What is required - Beginning with the first line of the data below, set down each line exactly through the line that contains "- Woonkamer me".

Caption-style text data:

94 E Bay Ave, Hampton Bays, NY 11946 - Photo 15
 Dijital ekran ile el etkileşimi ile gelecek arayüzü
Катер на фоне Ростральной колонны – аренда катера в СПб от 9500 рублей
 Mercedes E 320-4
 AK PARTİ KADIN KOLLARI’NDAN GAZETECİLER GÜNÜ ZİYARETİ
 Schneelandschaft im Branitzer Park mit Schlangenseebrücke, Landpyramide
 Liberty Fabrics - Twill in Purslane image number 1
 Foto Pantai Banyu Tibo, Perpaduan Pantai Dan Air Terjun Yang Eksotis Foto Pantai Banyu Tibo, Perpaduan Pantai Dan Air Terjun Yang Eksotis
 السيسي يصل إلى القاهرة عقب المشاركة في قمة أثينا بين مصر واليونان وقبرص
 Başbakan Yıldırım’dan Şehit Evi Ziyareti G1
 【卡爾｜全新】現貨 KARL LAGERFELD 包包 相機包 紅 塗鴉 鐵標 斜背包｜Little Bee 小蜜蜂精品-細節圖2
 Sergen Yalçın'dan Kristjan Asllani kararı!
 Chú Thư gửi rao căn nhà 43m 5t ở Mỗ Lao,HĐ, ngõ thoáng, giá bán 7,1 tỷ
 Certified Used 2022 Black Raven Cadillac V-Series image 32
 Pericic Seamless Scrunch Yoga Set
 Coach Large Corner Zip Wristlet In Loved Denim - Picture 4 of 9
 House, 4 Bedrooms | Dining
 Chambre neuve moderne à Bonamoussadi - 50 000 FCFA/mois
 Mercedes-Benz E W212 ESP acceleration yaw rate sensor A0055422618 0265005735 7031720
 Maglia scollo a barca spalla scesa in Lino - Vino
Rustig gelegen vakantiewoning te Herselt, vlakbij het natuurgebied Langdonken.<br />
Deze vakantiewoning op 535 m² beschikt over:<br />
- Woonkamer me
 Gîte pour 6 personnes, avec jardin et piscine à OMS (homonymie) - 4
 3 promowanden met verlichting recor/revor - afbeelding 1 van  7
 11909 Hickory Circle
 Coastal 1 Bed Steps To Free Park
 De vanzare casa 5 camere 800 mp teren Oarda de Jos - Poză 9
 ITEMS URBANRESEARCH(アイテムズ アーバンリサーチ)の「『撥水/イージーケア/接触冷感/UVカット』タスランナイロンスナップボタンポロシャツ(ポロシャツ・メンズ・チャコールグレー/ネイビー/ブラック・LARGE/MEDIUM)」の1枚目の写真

Solved problem -
94 E Bay Ave, Hampton Bays, NY 11946 - Photo 15
 Dijital ekran ile el etkileşimi ile gelecek arayüzü
Катер на фоне Ростральной колонны – аренда катера в СПб от 9500 рублей
 Mercedes E 320-4
 AK PARTİ KADIN KOLLARI’NDAN GAZETECİLER GÜNÜ ZİYARETİ
 Schneelandschaft im Branitzer Park mit Schlangenseebrücke, Landpyramide
 Liberty Fabrics - Twill in Purslane image number 1
 Foto Pantai Banyu Tibo, Perpaduan Pantai Dan Air Terjun Yang Eksotis Foto Pantai Banyu Tibo, Perpaduan Pantai Dan Air Terjun Yang Eksotis
 السيسي يصل إلى القاهرة عقب المشاركة في قمة أثينا بين مصر واليونان وقبرص
 Başbakan Yıldırım’dan Şehit Evi Ziyareti G1
 【卡爾｜全新】現貨 KARL LAGERFELD 包包 相機包 紅 塗鴉 鐵標 斜背包｜Little Bee 小蜜蜂精品-細節圖2
 Sergen Yalçın'dan Kristjan Asllani kararı!
 Chú Thư gửi rao căn nhà 43m 5t ở Mỗ Lao,HĐ, ngõ thoáng, giá bán 7,1 tỷ
 Certified Used 2022 Black Raven Cadillac V-Series image 32
 Pericic Seamless Scrunch Yoga Set
 Coach Large Corner Zip Wristlet In Loved Denim - Picture 4 of 9
 House, 4 Bedrooms | Dining
 Chambre neuve moderne à Bonamoussadi - 50 000 FCFA/mois
 Mercedes-Benz E W212 ESP acceleration yaw rate sensor A0055422618 0265005735 7031720
 Maglia scollo a barca spalla scesa in Lino - Vino
Rustig gelegen vakantiewoning te Herselt, vlakbij het natuurgebied Langdonken.<br />
Deze vakantiewoning op 535 m² beschikt over:<br />
- Woonkamer me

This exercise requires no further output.